Hashim Beri Sinyal Efisiensi Berlanjut, Danai Danantara
JAKARTA, investortrust.id - Utusan Khusus Presiden RI bidang Iklim dan Energi Hashim Djojohadikusumo memberi sinyal efisiensi anggaran akan terus berlanjut di tahun-tahun mendatang. Efisiensi anggaran tersebut akan digunakan untuk menyuntik Badan Pengelola Investasi (BPI) Danantara.
“Akan ada tambahan US$ 20 miliar setiap tahun. Ini dari proses efisiensi APBN yang akan dilakukan tiap tahunnya. Efisiensi itu dilakukan sebagai bagian untuk menghilangkan 'lemak-lemak' dari APBN,” kata Hashim di CNBC Indonesia Economic Outlook 2025, di Jakarta, Rabu (26/02/2025).
Baca Juga
Di-laverage, US$ 160 Miliar/Tahun
Dengan efisiensi tersebut, Hashim menghitung suntikan untuk Danantara akan mencapai US$ 100 miliar selama lima tahun. Dia menyatakan, dana sebesar US$ 100 miliar itu akan menjadi ekuitas bangsa Indonesia.

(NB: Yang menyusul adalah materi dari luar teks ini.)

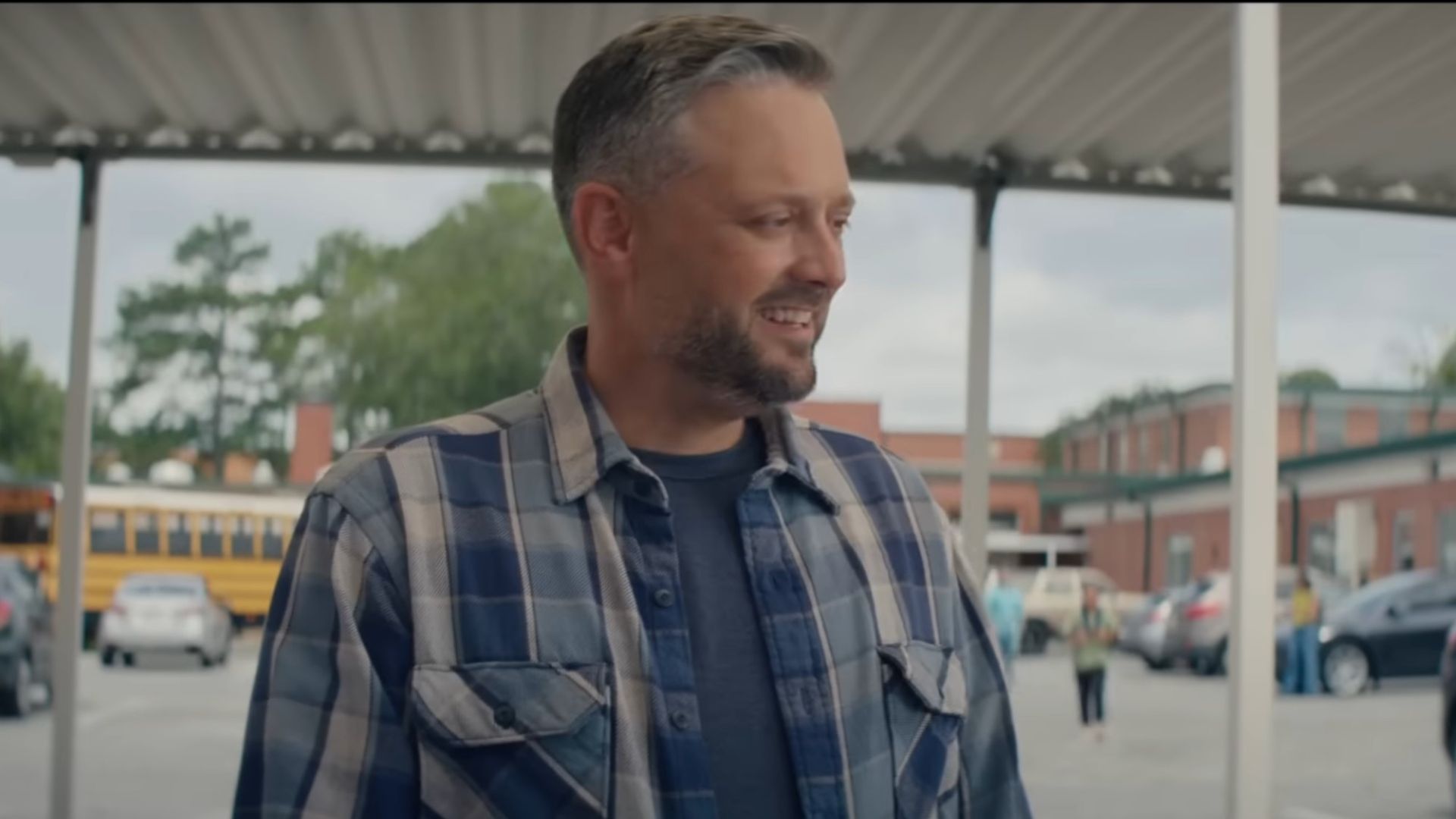 Nate Bargatze as Nate in The Breadwinner. He's wearing a flannel shirt and arriving at the school for pickup.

Hashim menjelaskan, dengan suntikan modal sebesar US$ 20 miliar setahun, Danantara dapat digunakan untuk kerja sama investasi dengan investor asing. Contohnya. lanjut dia, dengan modal sebesar US$ 20 miliar, Danantara dapat menggandeng investor asing (co-invest) dengan porsi 50%. Setelah terkumpul, dana investasi kerja sama itu akan di-laverage hingga empat kali lipat.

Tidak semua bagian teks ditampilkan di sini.